With the pictures left out, return exactly the lines from the one containing "2025 Upper Deck PWHL Young Guns (YG)" through the end of the listing below.

▸ Task inputs:
━━━━━━━━━━

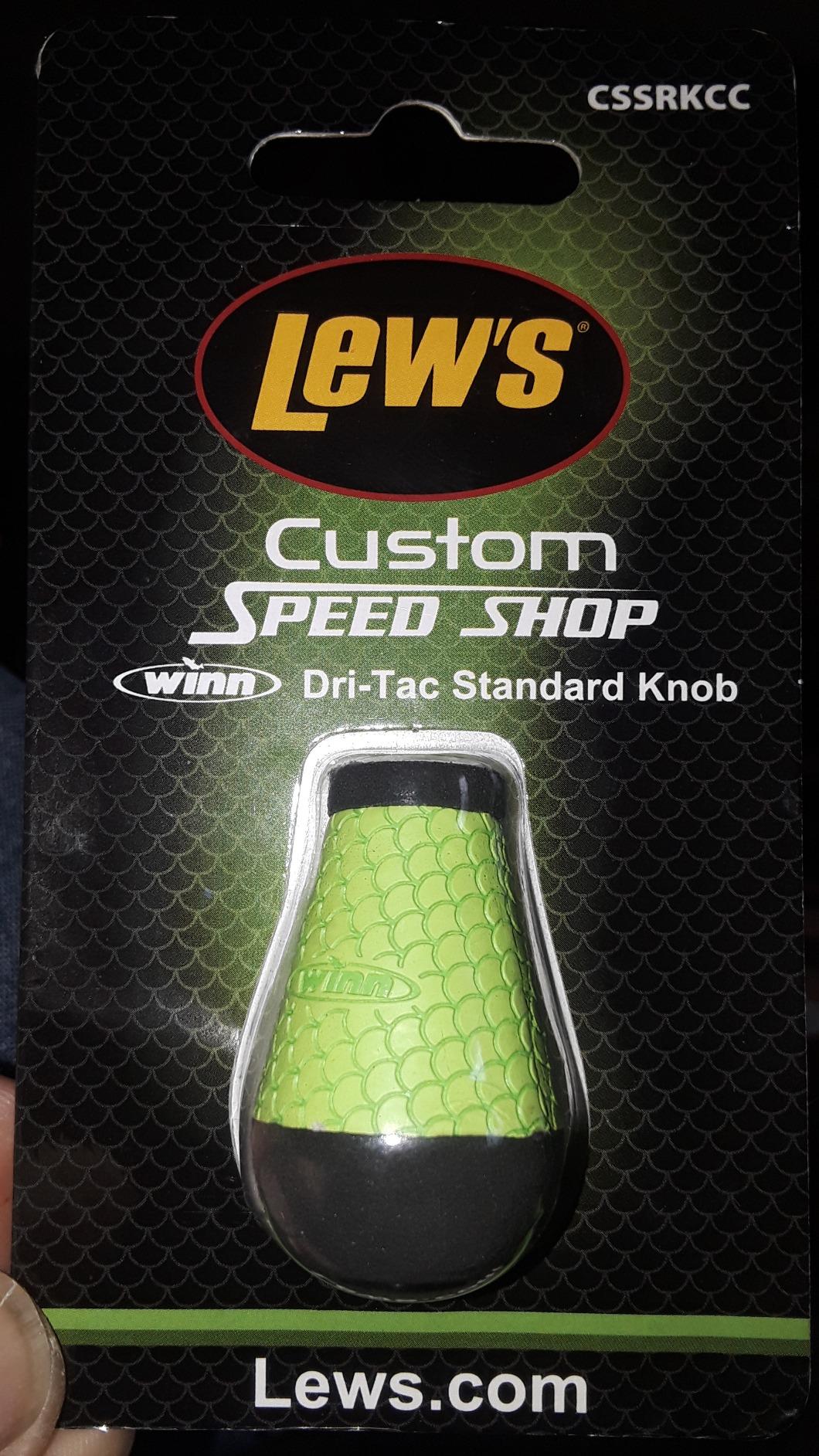 Lew's Custom Handle Knob, 1-Pack, Compatible with All Lew's Baitcast & Spinning Reels customer photo 2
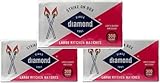 Diamond- Strike ON Box Matches [3 BXS of 300] (Original Version)…= 900 Count
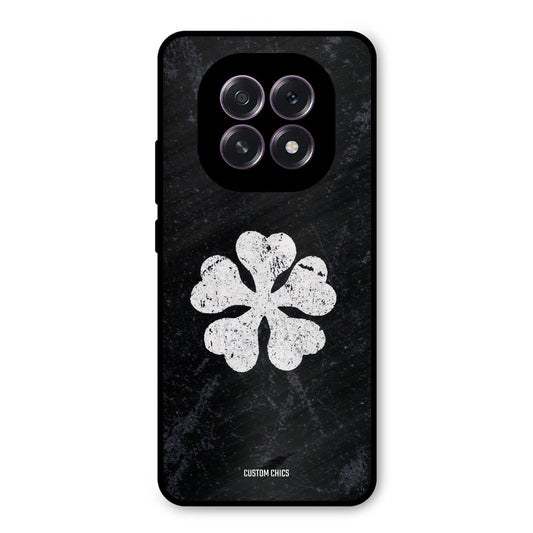 Five Leaf Clover Oppo F29 Mobile Back Cover - Anime PrintShield Case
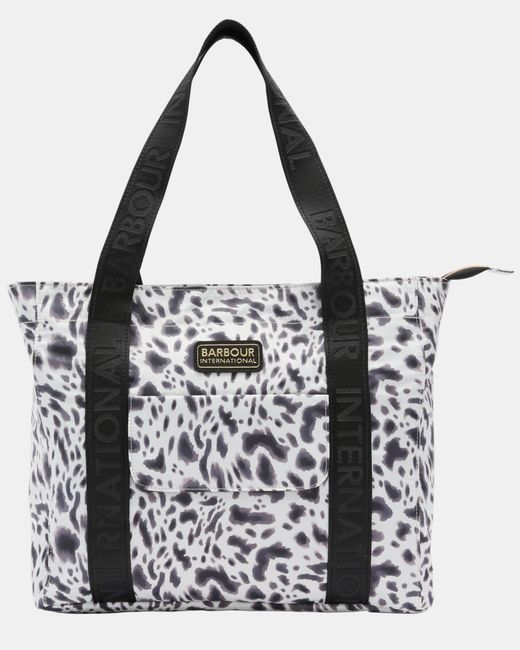 Barbour Black Boulevard Tote Bag
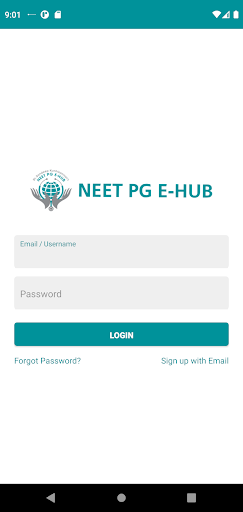 NExT E-Hub Screen 2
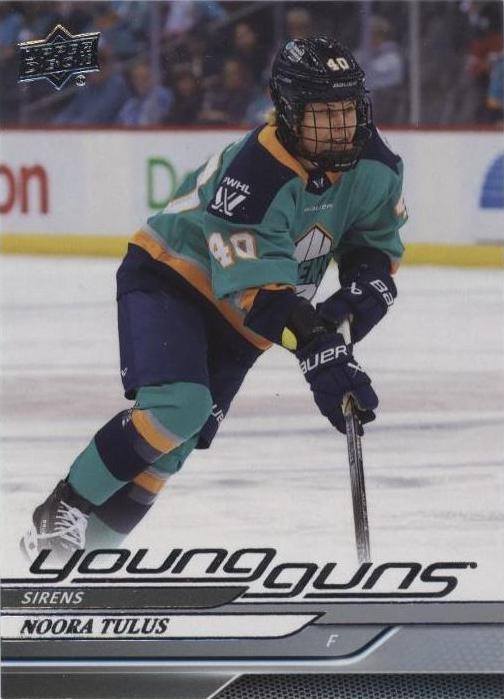 2025 Upper Deck PWHL Young Guns (YG)
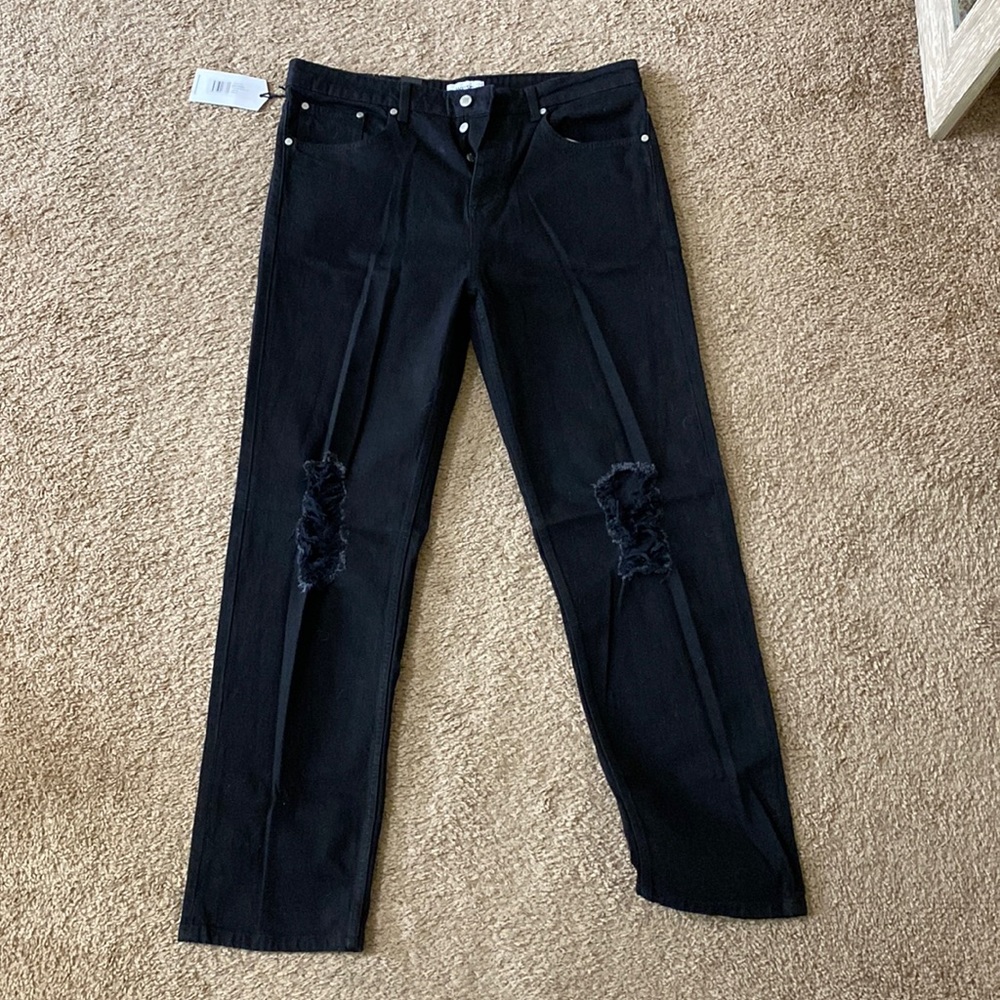 WESC bob ripped pants, never worn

━━━━━━━━━━

▸ Result for this exercise:
 2025 Upper Deck PWHL Young Guns (YG)
 WESC bob ripped pants, never worn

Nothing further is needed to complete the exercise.